What about replacing? For that, in Python, we use ```re.sub```. It works the same way as ```findall``` but we need an extra argument to the function: the thing we want to put in place of what we found. As always, the simplest possible example is a good place to start.

In [55]:
sample = "Anne Elliot"
print(sample)
sample = re.sub(r"Anne? El+iot+", "the principal character", sample)
print(sample)

Anne Elliot
the principal character


The most powerful part of replacement is re-using parts of the find, for example to add to them or move them around.

To do this, put round brackets around a part of the regex you want to recall in the replacement, this is known as a _capture group_.

In the replacement text the contents of the first set of brackets are referred to with ```\\1```, the second set as ```\\2``` and so on. In regex this is known as a _back reference_.

In [56]:
sample = "Anne Elliot"
print(sample)
print("But let's swap the names around:")
sample = re.sub(r"(Anne?) (El+iot+)", "\\2, \\1", sample)
print(sample)

Anne Elliot
But let's swap the names around:
Elliot, Anne


When not to use regular expressions.

Because regex work on strings, they cannot reliably _parse_ data, that is work with its structure.

Once you get good at regex, you might be tempted to use it to parse structured data. Here's a simple example of data in _CSV_ (_comma-separated values_) format:
```
character,novel,occurence_count
Anne Elliot,Persuasion,486
Emma Woodhouse,Emma,397
Elizabeth Bennett,Pride and Prejudice,292
Fanny Price,Mansfield Park,331
```

If you try to extract the middle column you will be trying to parse the data with regex. This is highly unreliable and inadvisable.

### Group work

#### finding

1. Find the context around another main character in _Persuasion_, Captain Wentworth. 

2. Does Captain ever get abbreviated to _Capt._?
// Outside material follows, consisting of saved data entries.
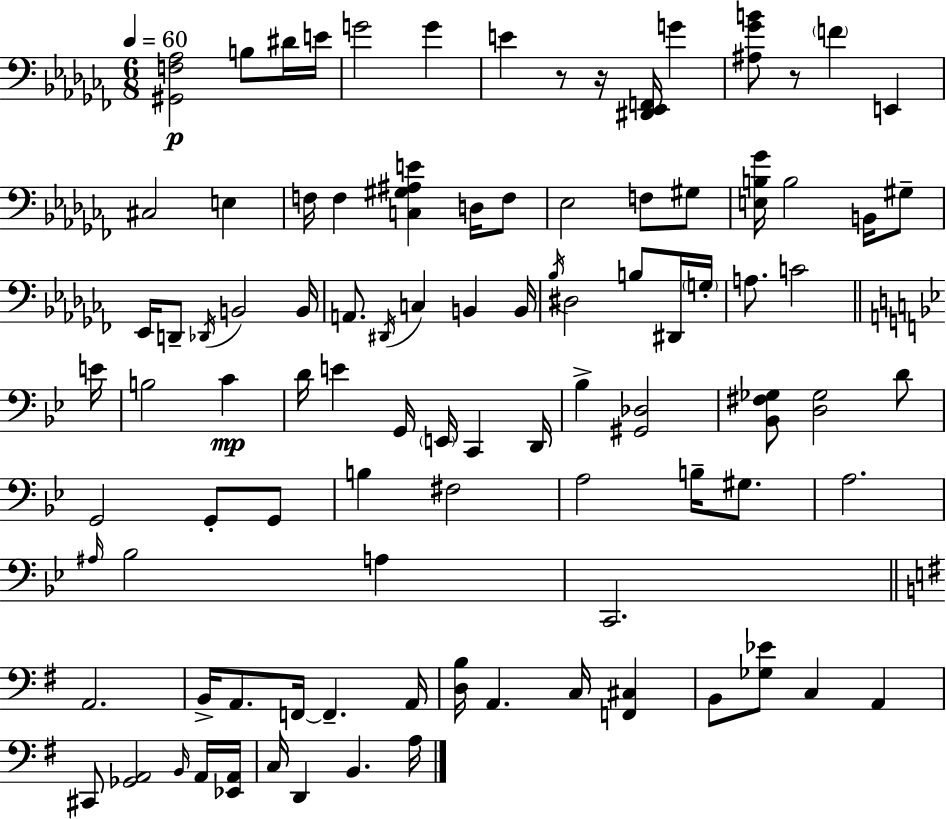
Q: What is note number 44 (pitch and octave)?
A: G2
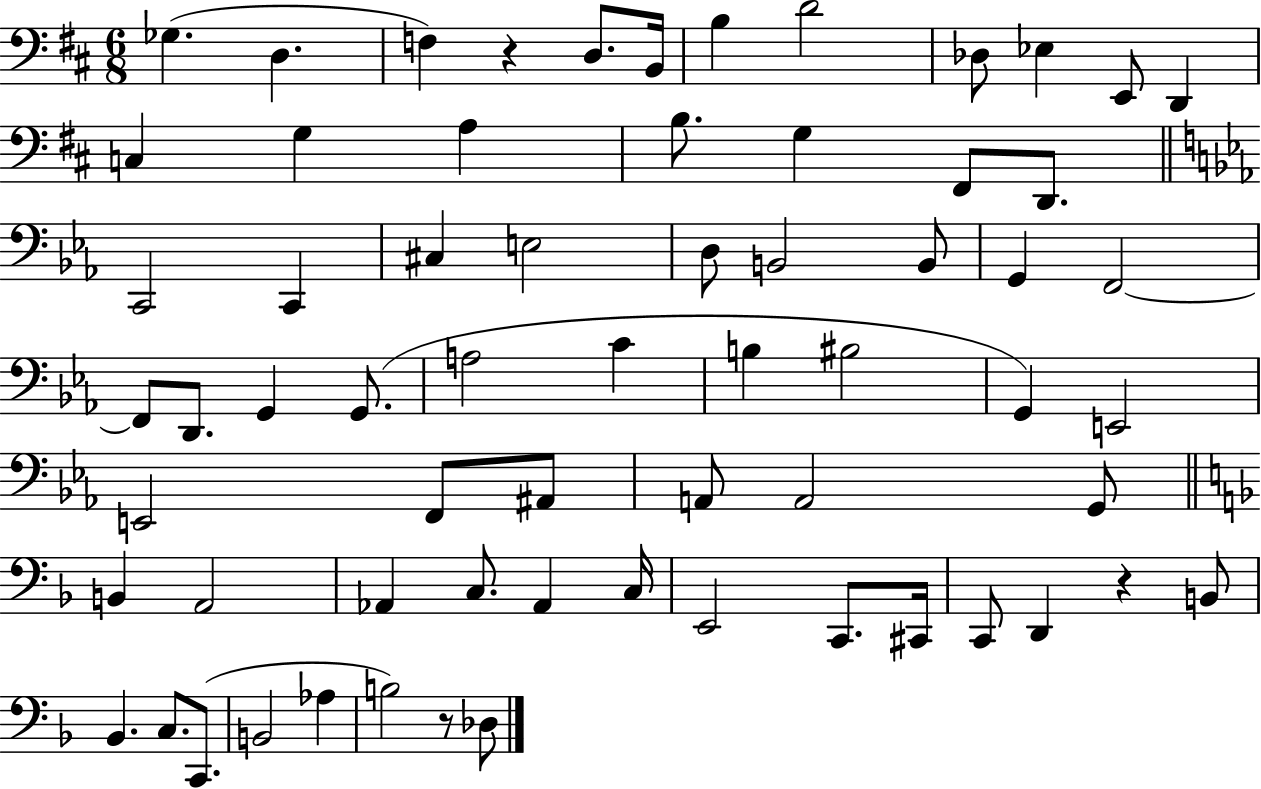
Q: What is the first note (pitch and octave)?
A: Gb3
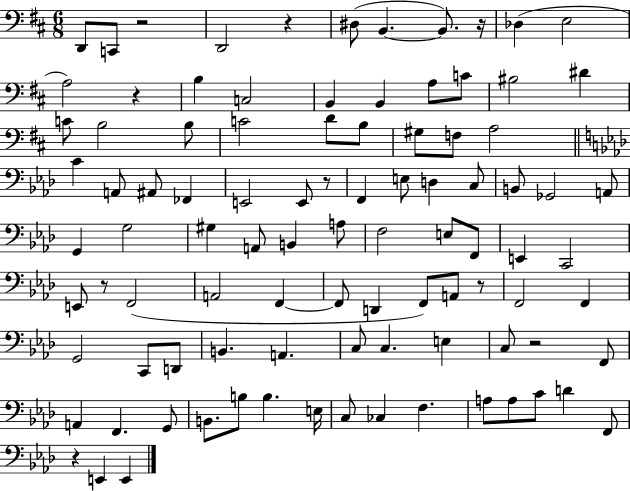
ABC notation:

X:1
T:Untitled
M:6/8
L:1/4
K:D
D,,/2 C,,/2 z2 D,,2 z ^D,/2 B,, B,,/2 z/4 _D, E,2 A,2 z B, C,2 B,, B,, A,/2 C/2 ^B,2 ^D C/2 B,2 B,/2 C2 D/2 B,/2 ^G,/2 F,/2 A,2 C A,,/2 ^A,,/2 _F,, E,,2 E,,/2 z/2 F,, E,/2 D, C,/2 B,,/2 _G,,2 A,,/2 G,, G,2 ^G, A,,/2 B,, A,/2 F,2 E,/2 F,,/2 E,, C,,2 E,,/2 z/2 F,,2 A,,2 F,, F,,/2 D,, F,,/2 A,,/2 z/2 F,,2 F,, G,,2 C,,/2 D,,/2 B,, A,, C,/2 C, E, C,/2 z2 F,,/2 A,, F,, G,,/2 B,,/2 B,/2 B, E,/4 C,/2 _C, F, A,/2 A,/2 C/2 D F,,/2 z E,, E,,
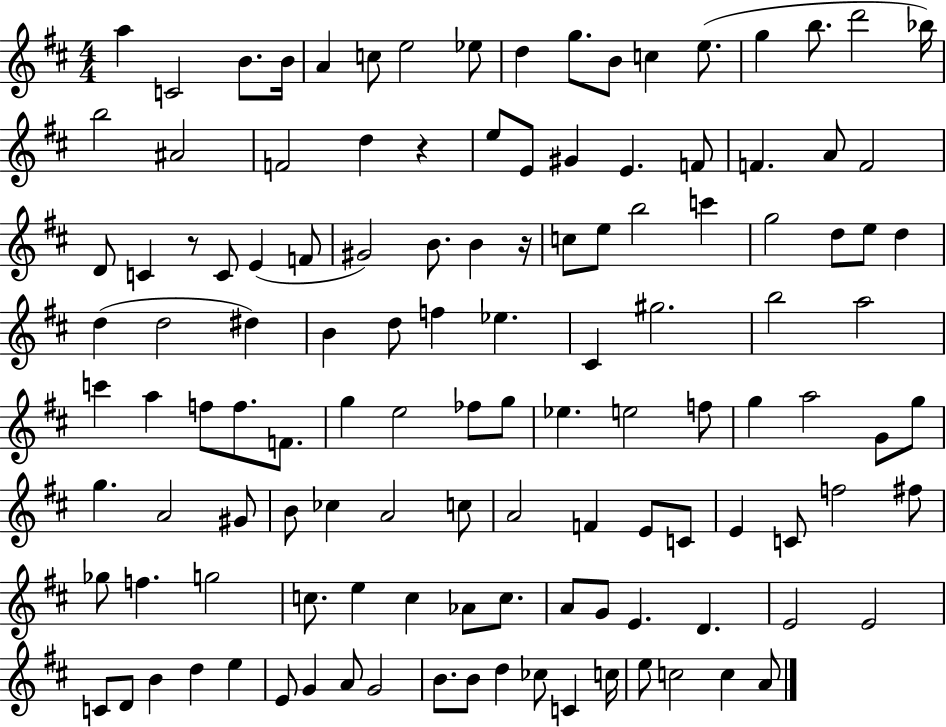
X:1
T:Untitled
M:4/4
L:1/4
K:D
a C2 B/2 B/4 A c/2 e2 _e/2 d g/2 B/2 c e/2 g b/2 d'2 _b/4 b2 ^A2 F2 d z e/2 E/2 ^G E F/2 F A/2 F2 D/2 C z/2 C/2 E F/2 ^G2 B/2 B z/4 c/2 e/2 b2 c' g2 d/2 e/2 d d d2 ^d B d/2 f _e ^C ^g2 b2 a2 c' a f/2 f/2 F/2 g e2 _f/2 g/2 _e e2 f/2 g a2 G/2 g/2 g A2 ^G/2 B/2 _c A2 c/2 A2 F E/2 C/2 E C/2 f2 ^f/2 _g/2 f g2 c/2 e c _A/2 c/2 A/2 G/2 E D E2 E2 C/2 D/2 B d e E/2 G A/2 G2 B/2 B/2 d _c/2 C c/4 e/2 c2 c A/2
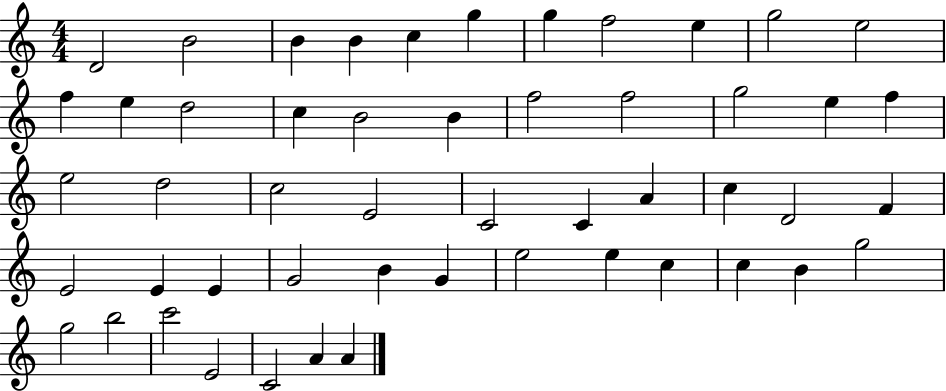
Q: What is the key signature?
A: C major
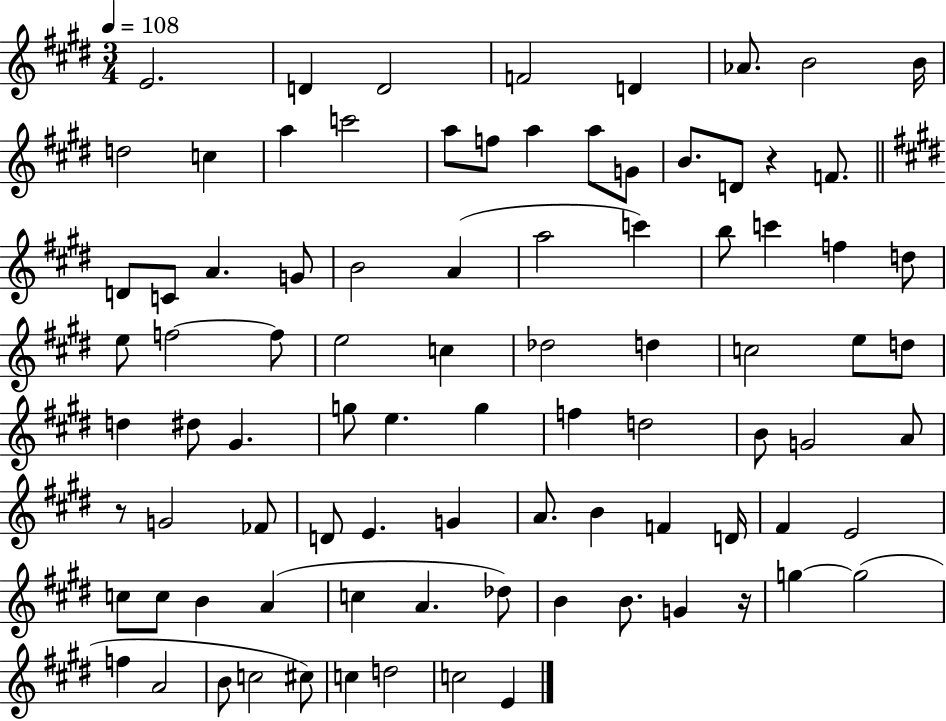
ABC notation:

X:1
T:Untitled
M:3/4
L:1/4
K:E
E2 D D2 F2 D _A/2 B2 B/4 d2 c a c'2 a/2 f/2 a a/2 G/2 B/2 D/2 z F/2 D/2 C/2 A G/2 B2 A a2 c' b/2 c' f d/2 e/2 f2 f/2 e2 c _d2 d c2 e/2 d/2 d ^d/2 ^G g/2 e g f d2 B/2 G2 A/2 z/2 G2 _F/2 D/2 E G A/2 B F D/4 ^F E2 c/2 c/2 B A c A _d/2 B B/2 G z/4 g g2 f A2 B/2 c2 ^c/2 c d2 c2 E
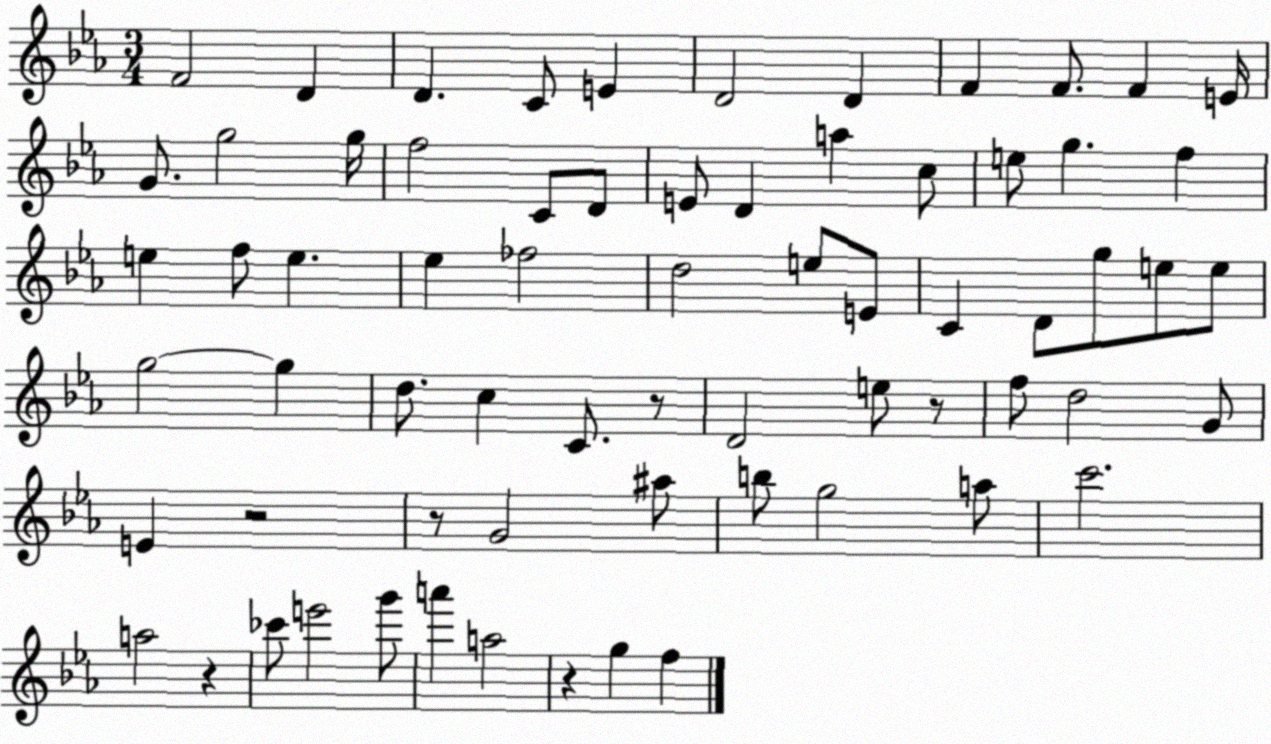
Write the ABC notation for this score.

X:1
T:Untitled
M:3/4
L:1/4
K:Eb
F2 D D C/2 E D2 D F F/2 F E/4 G/2 g2 g/4 f2 C/2 D/2 E/2 D a c/2 e/2 g f e f/2 e _e _f2 d2 e/2 E/2 C D/2 g/2 e/2 e/2 g2 g d/2 c C/2 z/2 D2 e/2 z/2 f/2 d2 G/2 E z2 z/2 G2 ^a/2 b/2 g2 a/2 c'2 a2 z _c'/2 e'2 g'/2 a' a2 z g f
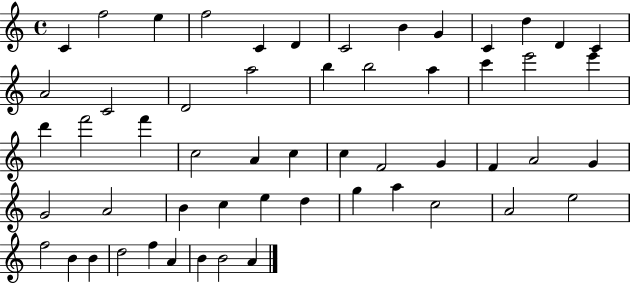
X:1
T:Untitled
M:4/4
L:1/4
K:C
C f2 e f2 C D C2 B G C d D C A2 C2 D2 a2 b b2 a c' e'2 e' d' f'2 f' c2 A c c F2 G F A2 G G2 A2 B c e d g a c2 A2 e2 f2 B B d2 f A B B2 A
3. Find the word following _Anne_. Can you make a unique list of these? Can you take account of punctuation between _Anne_ and the following word?

4. Can you create an alphabetised list of all 9-letter words in _Persuasion_?

5. By default in Python, a ```.``` won't run past a ```\n``` character. Can you modify one of the above searches to include characters from the next line? You might need to look at the ```re``` (https://docs.python.org/3/library/re.html)[documentation] for the answer to this.

#### replacing

Use ```re.sub``` to replace some text in ```persuasion```. If you work on the whole novel, Python will have no trouble with this, but it might be hard to see the results. You might prefer to create a slice of Persuasion of a few hundred characters, so you can see the output of your replacement more easily.

This will overwrite the text of ```persuasion```, so if you prefer you can create a string with a different variable name, eg:

```modified_persuasion = re.sub(r"search string", "replacement", persuasion)```


#### finally

Can you explain why, above, we got slightly more results for ```persuasion.count("Anne")```, when compared to ```re.findall(r"{0,20}Anne{0,20}, persuasion)```? This is a bit tricky! Maybe create a small text of your own to test the way these two behave.